You are viewing a plain text version of this content. The canonical link for it is here.
Posted to solr-user@lucene.apache.org by Noble Paul നോബിള് नोब्ळ् <no...@corp.aol.com> on 2009/08/11 17:00:52 UTC
Re: Building documents using content residing both in database tables
and text files
isn't it possible to do this by having two datasources (one Js=dbc and
another File) and two entities . The outer entity can read from a DB
and the inner entity can read from a file.
On Tue, Aug 11, 2009 at 8:05 PM, Sascha Szott<sz...@zib.de> wrote:
> Hello,
>
> is it possible (and if it is, how can I accomplish it) to configure DIH to
> build up index documents by using content that resides in different data
> sources?
>
> Here is an example scenario:
> Let's assume we have a table T with two columns, ID (which is the primary
> key of T) and TITLE. Furthermore, each record in T is assigned a directory
> containing text files that were generated out of pdf documents by using
> Tika.
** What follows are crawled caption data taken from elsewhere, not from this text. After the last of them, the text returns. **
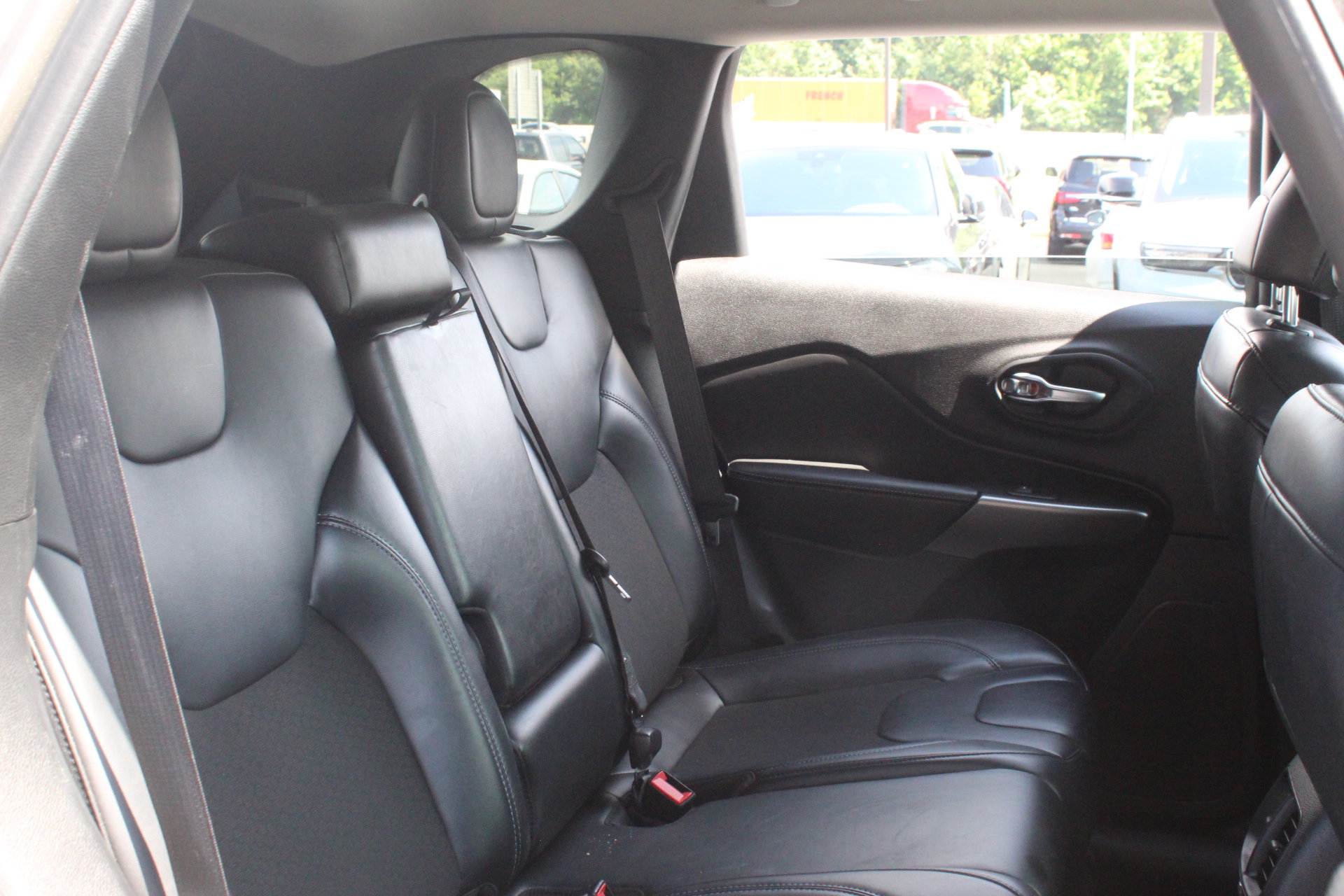 Used 2020 Jeep Cherokee Latitude Plus FWD image 29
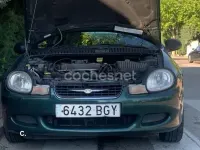 Usado Chrysler Neon 133 CV (97 kW) 2001 Verde Berlina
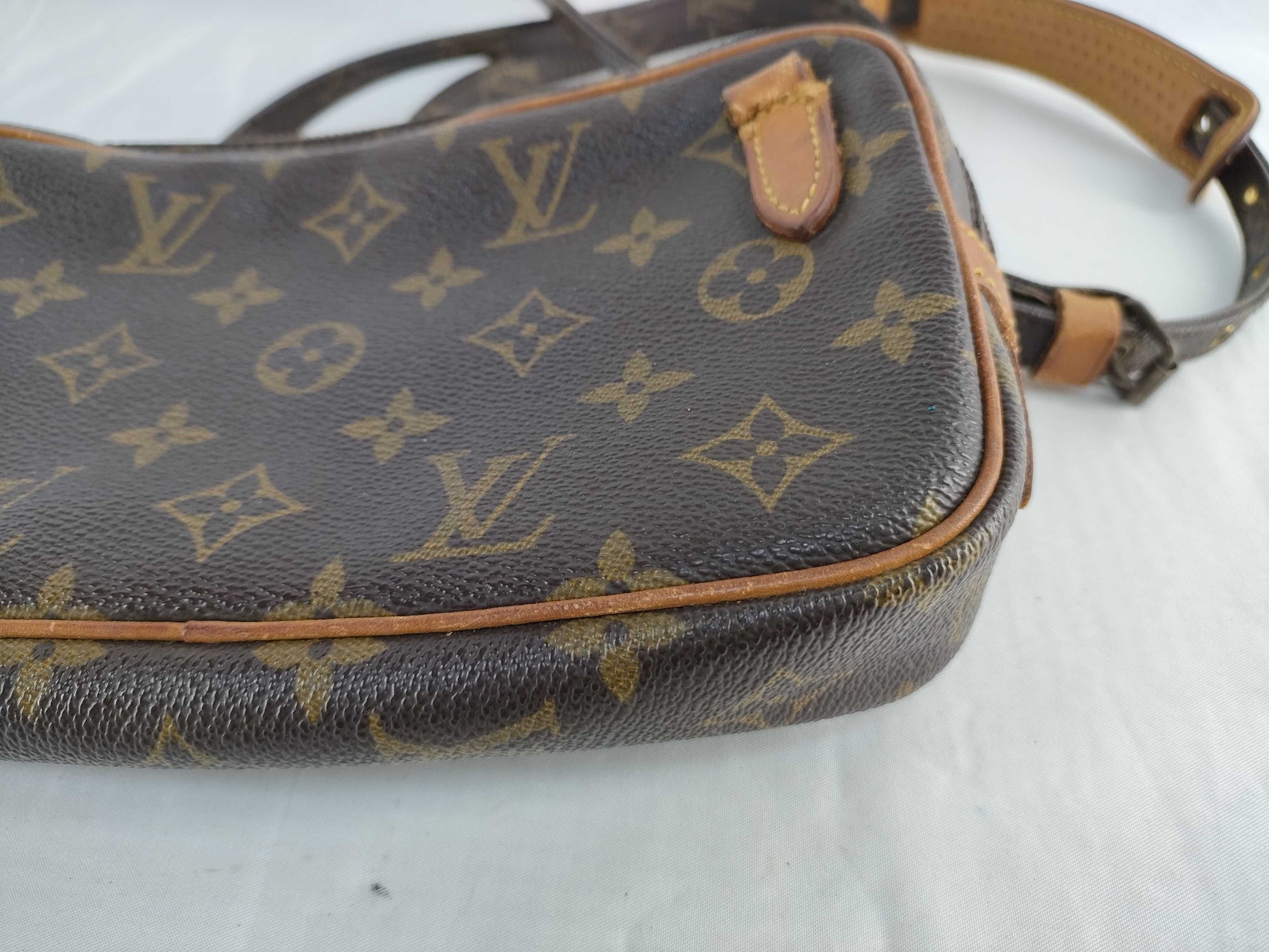 LOUIS VUITTON Monogram Brand Bag Shoulder Bag Louis Vuitton Shoulder Bag
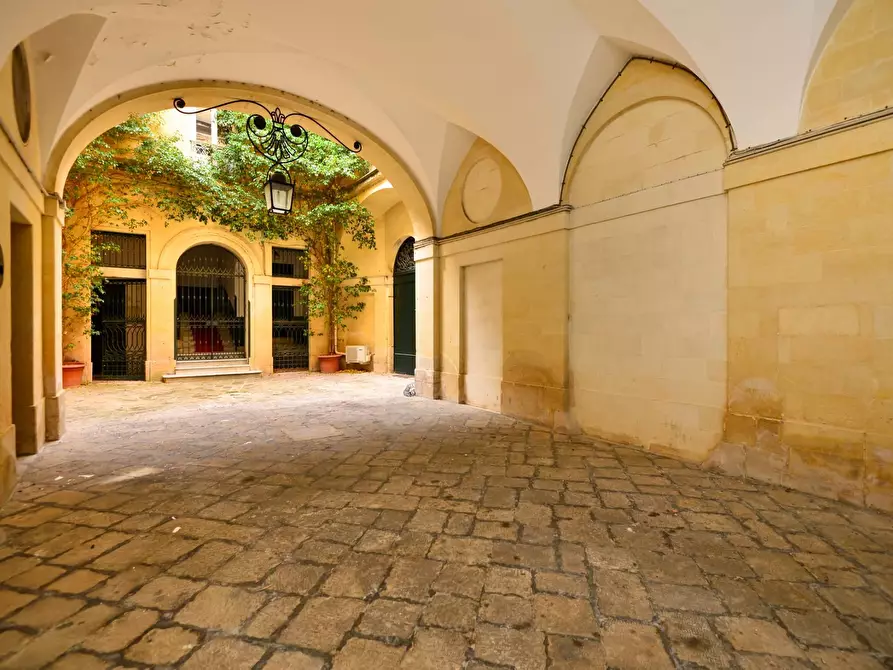 Immagine 1 di Palazzo in vendita  in Via Giuseppe Palmieri a Lecce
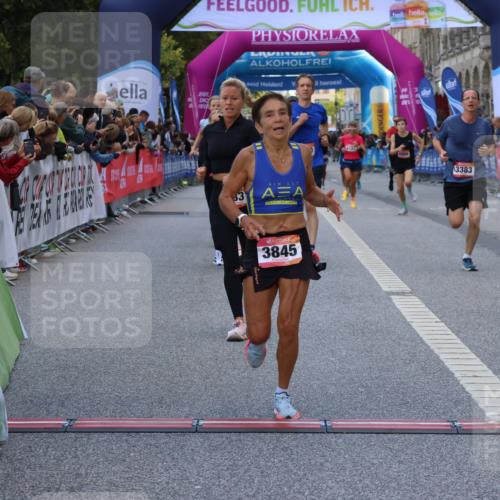 06.09.2026 - CURREX Alsterlauf Strokosch-Dieckow http://msf.ph/oto/10128416 06.09.2026 09:49:19 Ziel 1045, 2009, 2216, 3383, 3845, 3940, 4249, 4722, 4999, 5331, 5667, 5784, 5924, 6173, 6415, 8065 meine-sportfotos.de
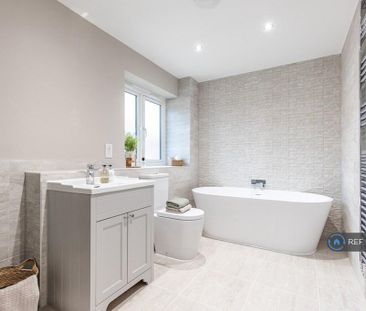 4 bedroom detached house to rent - Photo 6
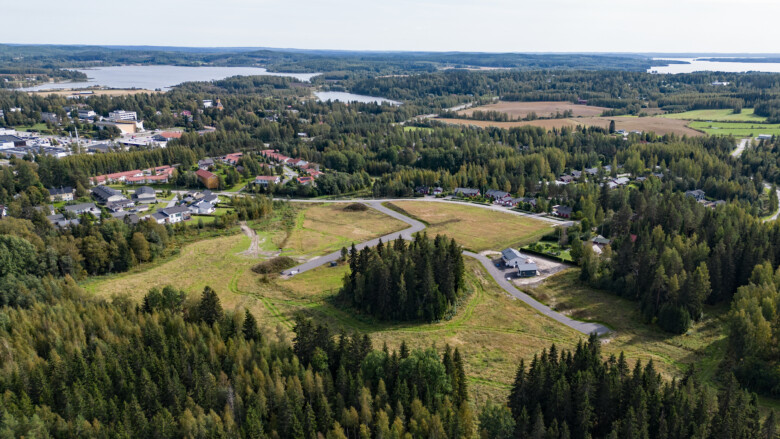 Mattilanniityn asuinalue kuvattuna dronella kesällä 2023.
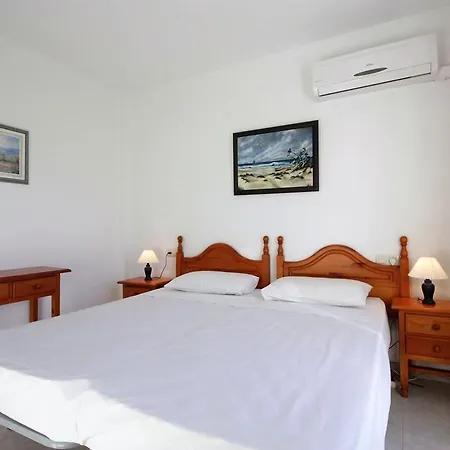 Las Palmeras Apartment *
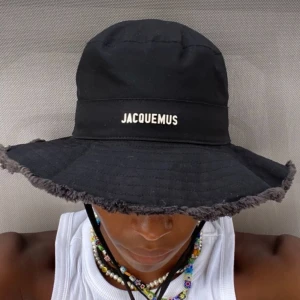 Jacquemus buckethat - Bucket hat från Jacquemus, underbar till sommaren om man vill bära något som ser modernt och snyggt ut😍🎉 Unisex modell!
A directory name is build by using the ID of the record in T
> associated to that directory, e.g. all text files associated to a record
> with id = 101 are stored in direcory 101.
>
> Is there a way to configure DIH such that it uses ID, TITLE and the content
> of all related text files when building a document (the documents should
> have three fields: id, title, and text)?
>
> Furthermore, as you may have noticed, a second question arises naturally:
> Will there be any integration of Solr Cell and DIH in an upcoming release,
> so that it would be possible to directly use the pdf documents instead of
> the extracted text files that were generated outside of Solr?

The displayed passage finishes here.